* **WHAT IS REQUIRED**:
What you give must be the lines from the one containing "S925 gold-plated silver" through the last line of the listing below, exactly, with nothing else and no pictures.

* **DATA BLOCK**:
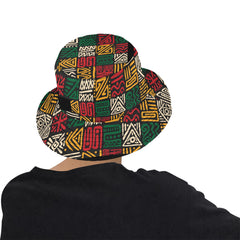AfroCentrc Pattern  Black culture Black History Harlem RenaissanceUnisex Summer Bucket Hat ( Harlem Print Magic)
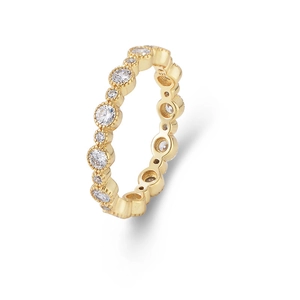 S925 gold-plated silver wavy ring featuring full pavé zircon stones on white background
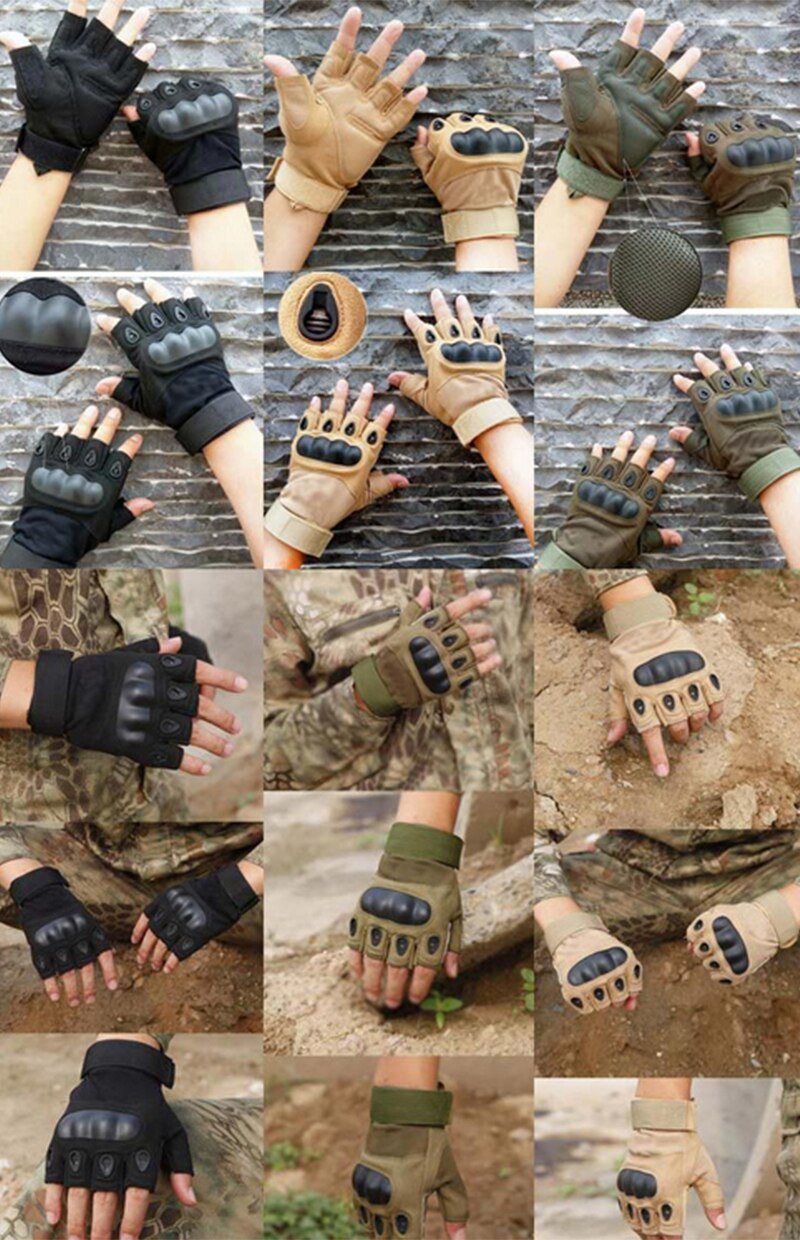 Outdoor Tactical Sports Riding Half-Finger Wear-Resistant Non-Slip Protective Gloves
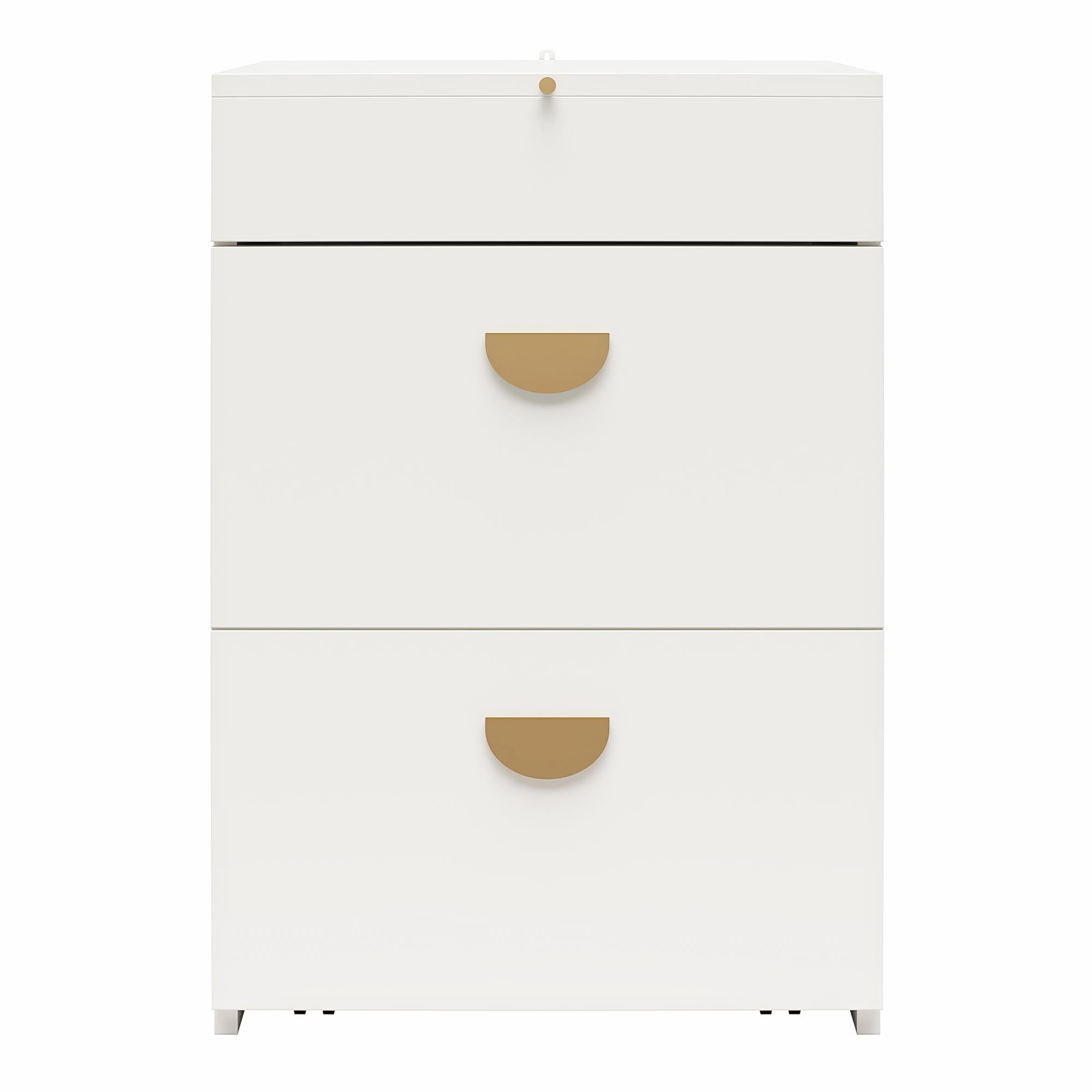 Ameriwood Home 3-in-1 Vanity Set, Makeup Storage Desk & Stool, Mirror w/ LED lights & USB Charging Station - White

* **EXERCISE OUTPUT**:
 S925 gold-plated silver wavy ring featuring full pavé zircon stones on white background
 Outdoor Tactical Sports Riding Half-Finger Wear-Resistant Non-Slip Protective Gloves
 Ameriwood Home 3-in-1 Vanity Set, Makeup Storage Desk & Stool, Mirror w/ LED lights & USB Charging Station - White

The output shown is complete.